QCM: Akazoo is a ‘castle of cards’
The Quintessential Capital Management fund, whose managing partner Gabriel Grego was instrumental in revealing the true state of Greek jewelry company Folli Follie, has now claimed in a report that music streaming company Akazoo SA will be the next Greek enterprise to crumble. Akazoo, listed on the Nasdaq since last September, is accused of trying to profit at its shareholders’ expense.

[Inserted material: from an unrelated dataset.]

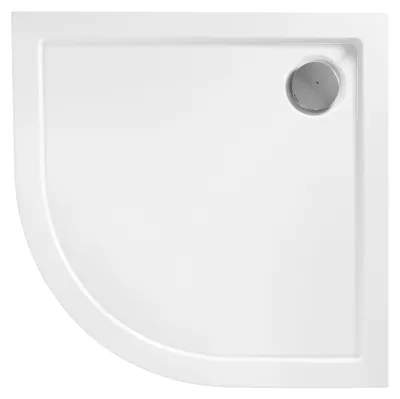 Productafbeelding van Rea Douchebak Look White 80x80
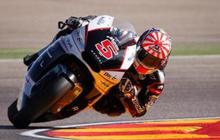 Klasemen sementara Moto2 2015 usai Seri Aragon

QCM argues that Akazoo, which is domiciled in Luxembourg, pertains to be a successful multinational with revenues, earnings and users to rival industry giants Pandora and Tidal. However, QCM counters this may be just a “tiny loss-making company based in Greece” with a negligible user base and sales. It adds that Akazoo only has 26 employees.
In September 2019 Akazoo began trading on the Nasdaq through a reverse merger after being part of Greek company InternetQ, which was listed on the AIM market in London until 2016 when it was shut out of trading after claims of foul play. A few years later InternetQ span Akazoo off and began trading in the US through a reverse merger with a cash shell.
Akazoo, “a global, on-demand music streaming subscription company with a focus on emerging markets,” claims to have 44 million registered users, of whom 5.5 million are subscribers. It also says its revenues come to $140 million – growing 24 percent per year – and that it is active in 25 countries.
QCM alleges that Akazoo’s accounts “may in fact hide serious irregularities or worse.” It identifies discrepancies between earnings and cash flow, large investments in intellectual property and a very high accounts receivables balance, which is strongly reminiscent of Folli Follie’s case. Furthermore, the US hedge fund alleges that Akazoo has not paid any taxes in the last four years, despite the fact that it claims to have accounting profits of $21.7 million. The number of likes or followers on social media, as well as the ratio of revenues to employees also painted a strange picture, QCM added.
As a result of this report, that claimed the Greek company is a “castle of cards,” Akazoo’s stock tumbled in Monday’s Nasdaq trading.